Results were also presented at the conference from a study of Harvoni paired with Gilead’s investigational NS3/4A protease inhibitor vendroprevir, with or without ribavirin, given for eight weeks to people with genotype 1 and advanced liver disease. The regimen boasted a 96 percent cure rate.

AbbVie

To follow up on Viekira Pak (ombitasvir/paritaprevir/ritonavir; dasabuvir), AbbVie is developing a regimen including the NS3/4A protease inhibitor ABT-493 and the NS5A inhibitor ABT-530. Researchers presented selected findings at AASLD from the ongoing Phase II SURVEYOR-I and -II trials of eight- and 12-weeks of the regimen, given with or without ribavirin. Both presentations only looked at results of those treated for 12 weeks.

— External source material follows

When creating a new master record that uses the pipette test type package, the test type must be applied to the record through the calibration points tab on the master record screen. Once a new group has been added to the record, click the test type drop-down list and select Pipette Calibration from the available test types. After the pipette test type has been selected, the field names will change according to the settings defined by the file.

The SURVEYOR-I study results focused on people with genotype 1, both with and without cirrhosis. Between 97 and 100 percent of them were cured. The SURVEYOR-II results looked at people with genotype 2 or 3 who did not have cirrhosis. Between 96 and 100 percent of those with genotype 2 were cured, as were 93 to 94 percent of those with genotype 3.

Bristol-Myers Squibb

In July, the U.S. Food and Drug Administration (FDA) approved a combination of BMS’s Daklinza (daclatasvir) and Sovaldi to treat genotype 3, the first treatment regimen green-lit for that genotype.

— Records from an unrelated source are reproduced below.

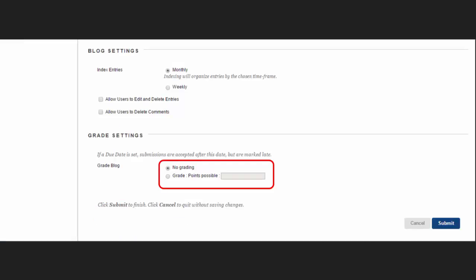In the Grade Settings section, select No Grading or the Grade option and type the number of points possible. Points possible will apply to one or more entries made by the user to the blog topic. After you enable grading, a column is created automatically in the Grade Center. If you do this, remember that it is permanently gradable and you will not be able to change this setting to No Grading. You are now ready to click Submit.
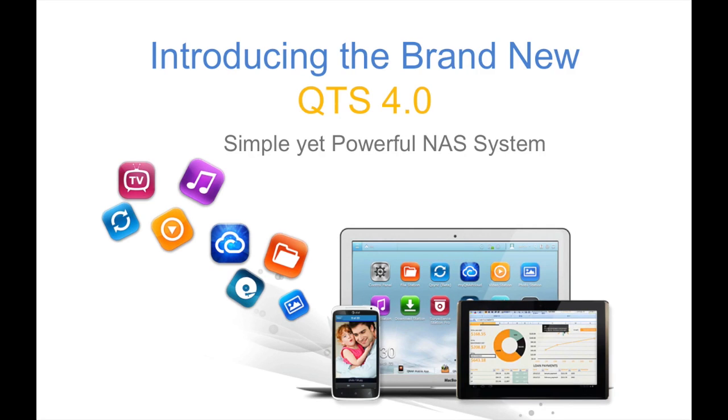Hi, I'm Stephanie, and I'm here to introduce to you how to use Plex Media Server to stream your videos and digital contents from your NAS.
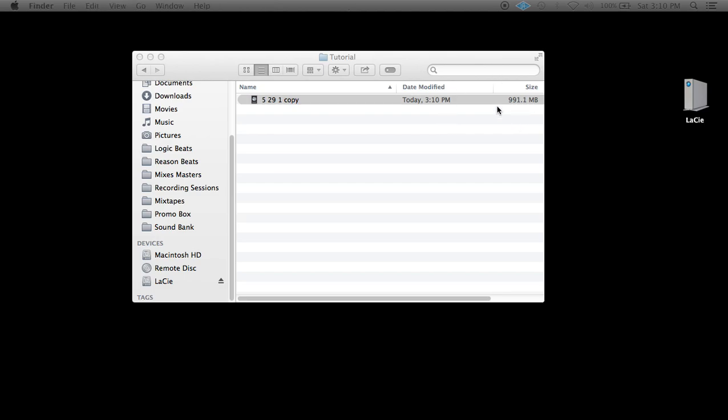A lot of file space saved, and that's also going to be processing power saved. So that's how to delete the unused audio files in Logic Pro 10. Again, thanks for watching, this is Marshall Hayes. Peace.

At AASLD, researchers presented findings from the Phase IIIb ALLY-3+ study of 12 or 16 weeks of Daklinza and Sovaldi plus ribavirin among hard-to-treat people with advanced fibrosis or cirrhosis. All those with F3 fibrosis were cured, regardless of treatment length, while a respective 83 percent and 89 percent of those with cirrhosis were cured when treated for 12 and 16 weeks.

Looking at treatment for those coinfected with hep C and HIV, researchers conducted a systematic literature review of the ALLY-2 trial of Daklinza and Sovaldi and the PHOTON-1 and PHOTON-2 studies of Sovaldi and ribavirin. After pooling the results, and adjusting the pool to account for differences between the various groups of participants, the researchers found that 12 weeks of Daklinza and Sovaldi cured HCV in 99.99 percent of coinfected individuals, while the cure rate after 12 weeks of Sovaldi and ribavirin was only 84.6 percent.

Merck

Merck applied for FDA approval in June of the fixed-dose combination of the NS3/4A protease inhibitor grazoprevir and the NS5A replication complex inhibitor elbasvir to treat those with genotypes 1, 4 and 6 of the virus. A decision is likely in the coming weeks.

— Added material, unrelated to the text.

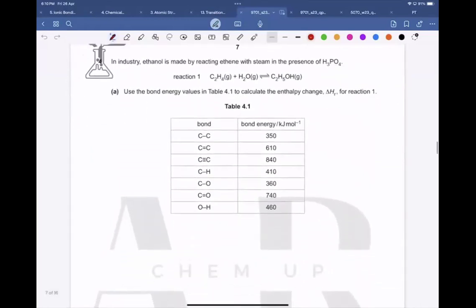Today we have to start with question number 4 from May/June 2023, paper 22. In industry, ethanol is made by reacting ethene with steam in the presence of phosphoric acid.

At AASLD, researchers presented findings from the double-blind, placebo-controlled Phase III C-EDGE CO-STAR study of elbasvir/grazoprevir among people with genotypes 1, 4 or 6 who inject drugs and who are receiving opioid agonist therapy. In a modified analysis, 96 percent of those with genotype 1a, 97 percent of those with genotype 1b, 100 percent of those with genotype 4 and 60 percent of those with genotype 6 were cured. (There were only five people with genotype 6 in the study, so the cure rate for that group is not the most statistically reliable.)

Three-Week Treatment


It may be possible for some individuals who respond very quickly to hep C drugs to get away with just three weeks of treatment. Researchers presented findings from the pilot, response-guided, open-label SODAPI study of triple therapy involving an NS3 protease inhibitor plus dual NS5A-NS5B nucleoside inhibitors, given to 26 non-cirrhotic individuals with genotype 1b. They were treated with: Harvoni and BMS’s experimental asunaprevir; Sovaldi, Daklinza and Janssen’s Olysio (simeprevir); or Sovaldi, Daklinza and asunaprevir.

Eighteen participants whose viral loads dropped below 500 after 48 hours of first being treated received just three weeks of treatment. All of them were cured. The other participants were treated for eight or 12 weeks.